The classification is based on the purpose of acquiring an investment. The assets are classified upon initial recognition and then reviewed at each reporting date, if required or accepted by IAS 39.
(a) Financial assets measured at fair value through profit or loss
The category includes two sub-categories:
- financial assets held for trading if they have been acquired principally for the purpose of being sold in the short term;
- financial assets designated as measured at fair value through profit or loss upon initial recognition.
These assets are recognized as current assets, if the Company intends to sell or realize them within 12 months from the end of the reporting period.
(b) Loans and receivables
Loans and receivables are financial assets with determined or determinable payments, which are not quoted on the active market, not classified as derivatives. They arise when the Group spends cash, delivers goods or services directly to the debtor without the intention of classifying them as receivables held for trading.
Loans and receivables are classified as current assets if their maturity as at the end of the reporting period does not exceed 12 months. Loans and receivables whose maturity as at the end of the reporting period exceeds 12 months are classified as non-current assets.
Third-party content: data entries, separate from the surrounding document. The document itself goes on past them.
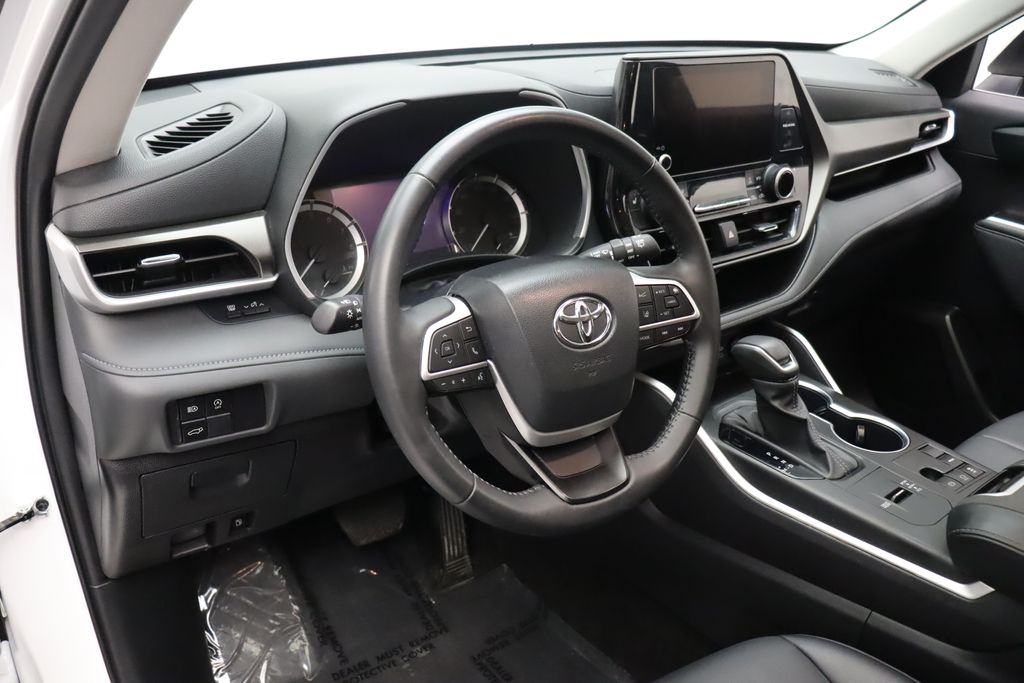 2024 Toyota Highlander XLE 15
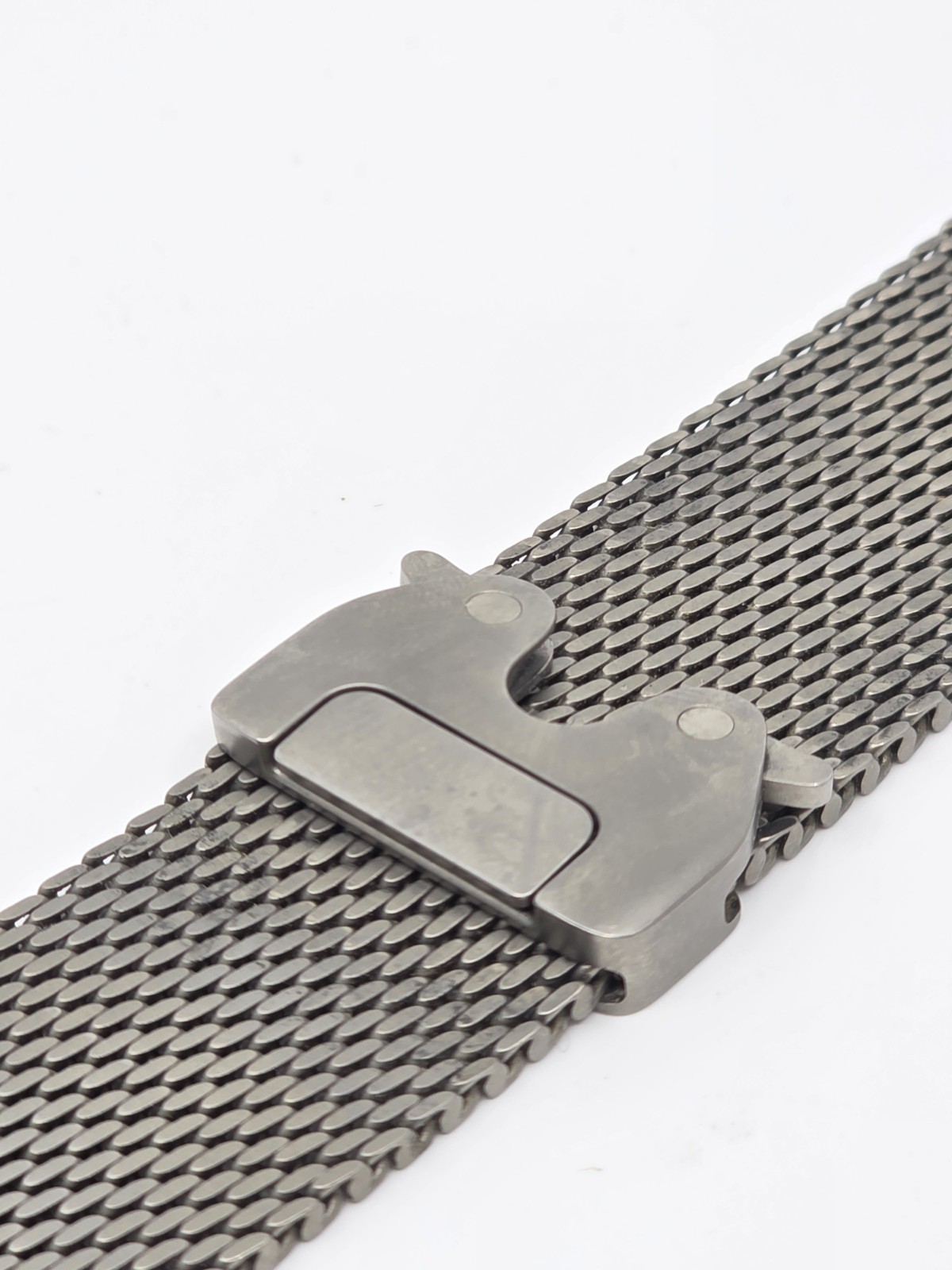 Apple Watch Ultra 49mm Titanium Case Titanium Milanese Loop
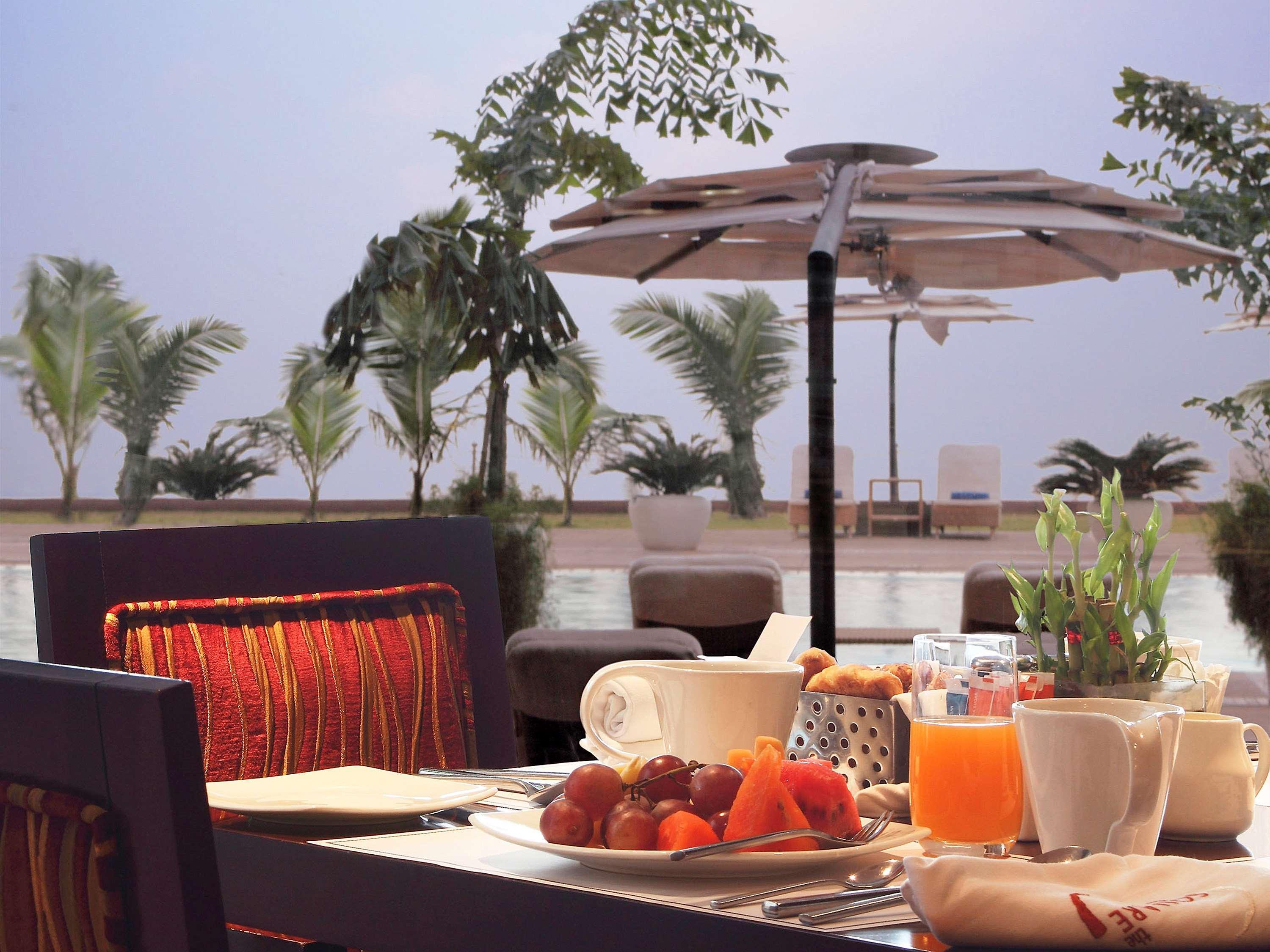 Novotel Mumbai Juhu Beach Kültér fotó The poolside at the Taj Bengal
Loans and receivables are recognized in the statement of financial position under trade and other receivables.
Loans and receivables are measured at amortized cost using the effective interest rate.
(c) Investments held to maturity
Investments held to maturity are non-derivative financial assets with determined or determinable payments and fixed maturity that the Group intends to and is able to hold to maturity. Financial assets held to maturity are measured at amortized cost using the effective interest rate.
(d) Financial assets available for sale
Financial assets available for sale (AFS) are non-derivative financial assets designated as “available for sale” or not classified to any of the remaining categories. This category includes mainly shares in unrelated parties. AFS financial assets are recognized as non-current assets if the Group does not intend to dispose of the investment within 12 months from the end of the reporting period.
Acquisition and sale of financial assets is recognized as at the date of the transaction, i.e. the day when the Group undertakes to purchase or sell a given asset. Financial assets are initially recognized at fair value increased by transaction costs, except for investments classified as financial assets measured at fair value through profit or loss, which are initially measured at fair value without transaction costs.
Financial assets are derecognized from the accounting records if the rights to the related cash flows have expired or have been transferred and the Group has transferred substantially all the risks and rewards incidental to their ownership.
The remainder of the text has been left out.